Di ruang depan dipajang lukisan Garuda Pancasila. Lambang negara yang jadi obsesi Haris dari tahun ke tahun ini dilukis sangat terperinci dan ornamentik. Tampak manis dan mewah, Garuda Pancasila ini malah menjadi sindiran Haris bagi para pejabat dan masyarakat pada umumnya. Tentu termasuk sang ketua umum partai yang memarahi redaksi majalah Zaman itu (atau justru sekarang siapa tahu malah mengoleksi lukisan itu seandainya ia tahu adanya pameran ini, karena zaman sudah berubah).
Kita, bagi Haris, tentu terlalu obral janji dengan Garuda Pancasila, meski sikap dan tindakan kita bertentangan dengan filosofi Garuda Pancasila itu. Bahkan di masa Orde Baru yang penuh gelora indoktrinasi Pancasila, yang tindakan dan perilaku sebagian besar pejabatnya justru bertentangan dengan Pancasila. Begitulah, ketika Orde Baru tumbang, terdengar semangat rakyat yang mengolok-oloknya dengan, ”Awas! Waspadai bahaya laten Orde Baru!”

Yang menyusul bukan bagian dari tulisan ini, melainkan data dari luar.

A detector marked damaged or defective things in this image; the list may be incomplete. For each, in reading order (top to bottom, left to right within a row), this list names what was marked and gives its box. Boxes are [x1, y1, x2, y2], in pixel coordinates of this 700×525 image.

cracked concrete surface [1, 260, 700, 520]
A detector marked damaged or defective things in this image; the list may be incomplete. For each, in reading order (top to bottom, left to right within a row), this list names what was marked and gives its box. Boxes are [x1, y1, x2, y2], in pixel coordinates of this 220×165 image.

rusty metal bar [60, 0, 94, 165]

Memamerkan sekitar 14 karya dari sejumlah lukisan di atas kanvas dan instalasi, dengan judul Alien = Nation, Haris menohok kita dengan ratusan boneka bayi. Di antaranya, dalam dua bidang foto digital, 4 x 4 meter, yang disinari dari belakang, tampak bayi berjubelan tumpang-tindih. Dalam 4 panel dengan ukuran keseluruhan 145 x 800 sentimeter, Prosesi Bayi 2 (2007) bayi-bayi yang digambarkan merangkak seolah sedang antre. Bayi-bayi itu bertato garuda di pipinya dan di antaranya memiliki sayap kecil emas di punggung, juga di telinga. Lukisan bayi itu kelihatan cukup sehat dan cerdas, yang dari penampilannya tentu tak kekurangan suatu apa. Inilah ”bayi-bayi Pancasila” hasil indoktrinasi Pancasila yang kelak ketika dewasa juga akan mengindoktrinasi Pancasila generasi berikutnya.

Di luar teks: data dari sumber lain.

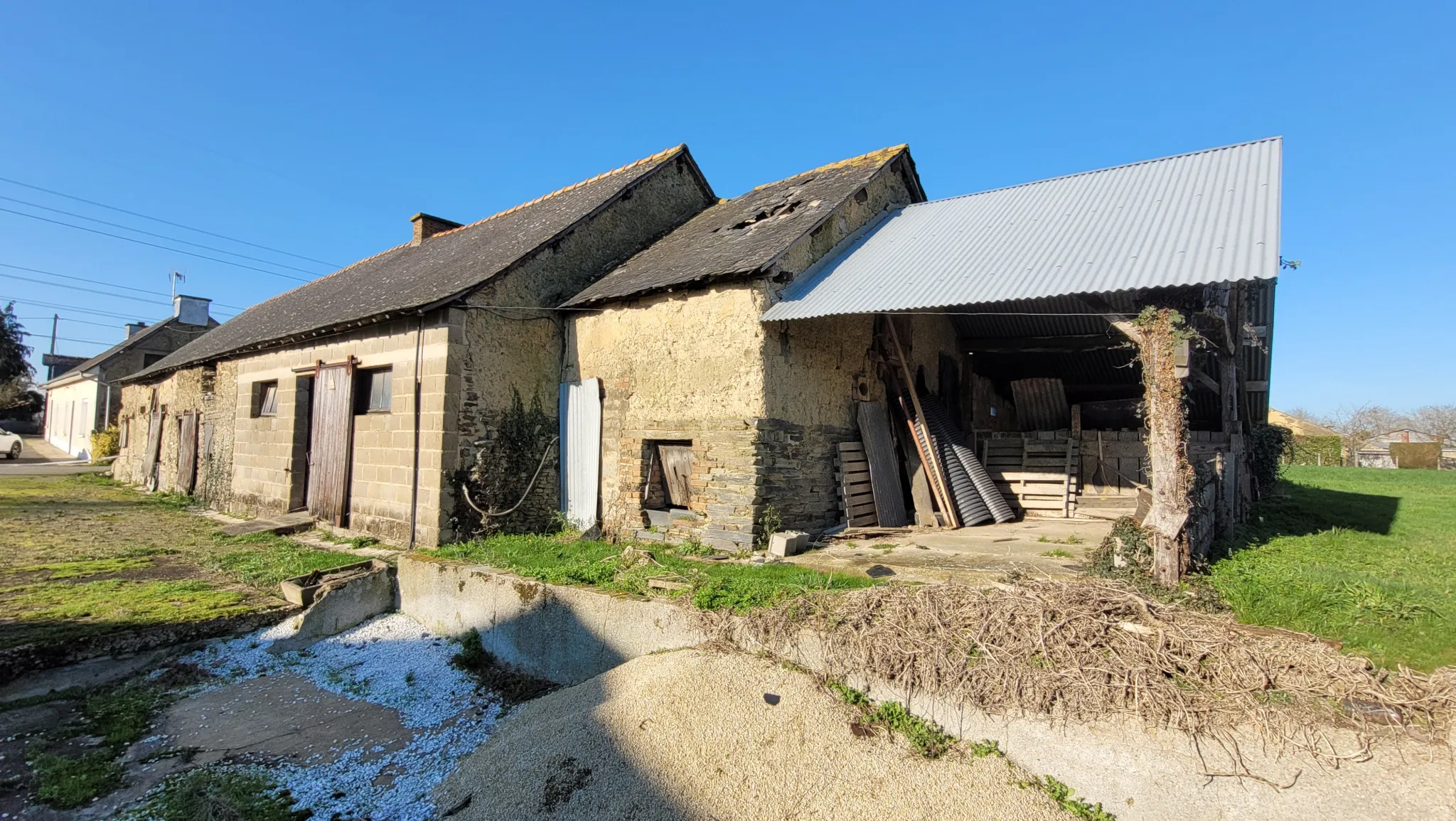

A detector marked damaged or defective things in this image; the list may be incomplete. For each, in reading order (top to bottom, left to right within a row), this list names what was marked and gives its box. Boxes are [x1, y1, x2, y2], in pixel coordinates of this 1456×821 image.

damaged roof section [128, 144, 708, 381]
damaged roof section [563, 144, 927, 307]
rusty metal gate [178, 409, 200, 492]
rusty metal gate [306, 360, 354, 523]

Sebuah bidang besar sekitar 4 x 8 meter, penuh ceker, kaki ayam, ribuan jumlahnya, Kuasa Sang Ceker (2007) sedang menerkam bayi-bayi. Ini ceker betulan yang diawetkan. Agaknya Haris bercerita, bayi itu kalah bukan oleh hal besar, melainkan oleh hal sepele, misalnya oleh kelalaian kita sebagai orang tua. Haris juga menghadirkan bayi di bangsal rumah sakit maupun rumah tangga, berjubel di ranjang bayi, dan berserakan di lantai.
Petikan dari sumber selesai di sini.